Guerres et conflits
En débat. Comment atteindre la paix en Ukraine ? (1/4)
18.12.2023
Entre les militant·es des deux manifestations de février 2023, les « samedistes » et les « dimanchistes », les échanges peu amènes vont bon train, en particulier sur les réseaux sociaux. Pour sortir de cette logique stérile, Politique a proposé à Gregory Mauzé, co-président de la Coordination nationale d’action pour la paix et la démocratie (CNAPD) et Laurent Vogel du Réseau européen de solidarité avec l’Ukraine (Resu), de prendre le temps du débat. Pour, peut-être, trouver un terrain d’entente ?

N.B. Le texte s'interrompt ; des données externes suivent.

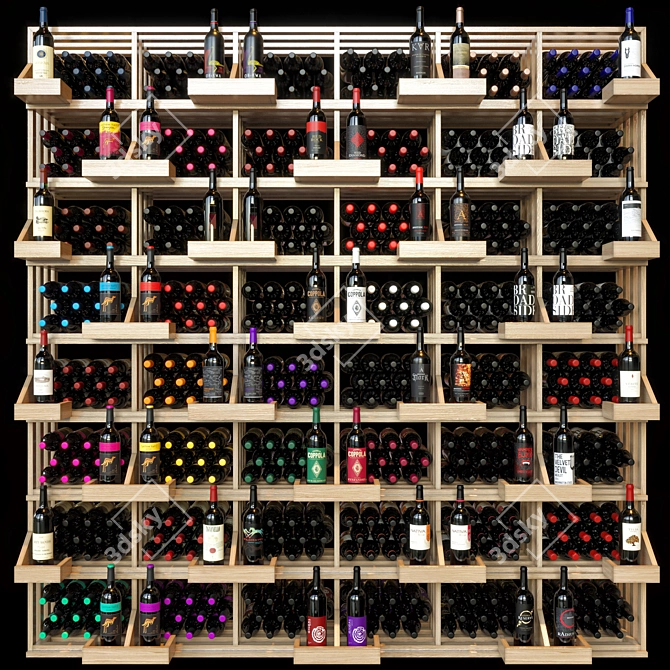 Modular Wine Shelf Rack 3D model image 2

Baisser le niveau de conflictualité
Cher Laurent, la mission du mouvement pour la paix a toujours été de faire reculer la logique de guerre dans la justice, en agissant auprès des décideurs de son propre camp. D’abord, parce que nous ne disposons que de moyens limités, pour infléchir l’action extérieure d’une puissance étrangère, aussi agressive soit-elle. Ensuite, parce que nous estimons que les options belligènes, c’est-à-dire vectrices de guerres, prises en notre nom, nous obligent. Alors que la chute de l’URSS pouvait permettre d’envisager une gestion de la paix et de la sécurité à l’échelle du vieux continent, fondée sur la coopération plutôt que sur l’affrontement, le bloc euro-atlantique a, au contraire, cherché à instaurer un ordre unipolaire dominé par les États-Unis : élargissements de l’OTAN à l’Est, en violation des engagements programmés en 1997; intervention militaire illégale au Kosovo en 1999 contribuant au délitement de la norme internationale ; retrait des États-Unis du traité antimissiles balistiques en 2001…

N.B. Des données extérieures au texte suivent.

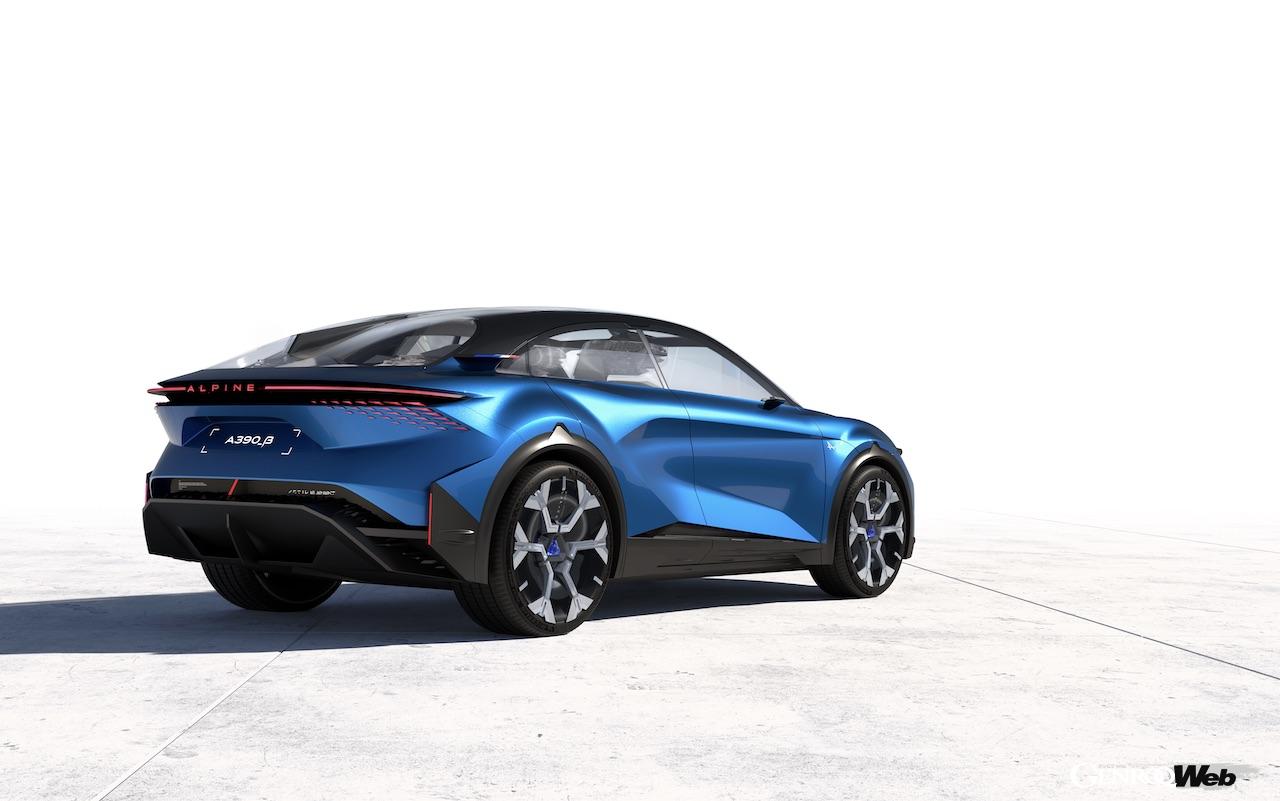 EV専用プラットフォーム「Amprミディアム」を採用した「アルピーヌ A390_β」のエクステリア。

Si rien ne justifie la décision du régime de Vladimir Poutine de franchir le point de non-retour, force est de constater que la hausse des tensions régionales liées à l’OTAN, à une époque où la Russie ne représentait pas une menace, l’a en partie rendue possible. Il est par conséquent de notre responsabilité de faire baisser, de façon structurelle, le niveau de conflictualité dans la région. Ceci nécessite d’œuvrer dans un premier temps à créer les conditions d’un cessez-le-feu en Ukraine, à même de conduire à des négociations vers une paix juste, respectueuse du droit international et de l’ensemble des composantes de l’État ukrainien.
Il est objecté à cette analyse et aux conclusions politiques qui en sont tirées, de faire fi des Ukrainien·nes, premières victimes de ce conflit, lequel serait en dernière instance le produit d’un impérialisme russe séculaire. Si ce dernier est bien réel, cette seule grille de lecture, outre qu’elle nous exonère de toute responsabilité, a pour conséquence de proposer comme unique horizon l’écrasement total de la Russie. Ce qui est déraisonnable, vu le danger d’un affrontement direct entre les puissances nucléaires, vers lequel la surenchère militaire nous entraîne inexorablement.
Or, si l’on perçoit mal, aujourd’hui, les risques d’un excès de pacifisme, on peut en revanche d’ores et déjà saisir les premiers effets d’un effacement du camp de la paix dans un climat qui confine au maccarthysme : poursuite de l’évolution de l’OTAN vers un impérialisme assumé; hausse vertigineuse des dépenses militaires au détriment de la transition sociale, écologique et solidaire; retour, enfin, d’une petite musique néoconservatrice que l’on croyait disparue avec les fiascos afghan, irakien et libyen, véhiculant une image manichéenne des relations internationales, dans laquelle nous incarnerions un «camp du bien» qu’il serait désormais vraisemblablement impossible de critiquer.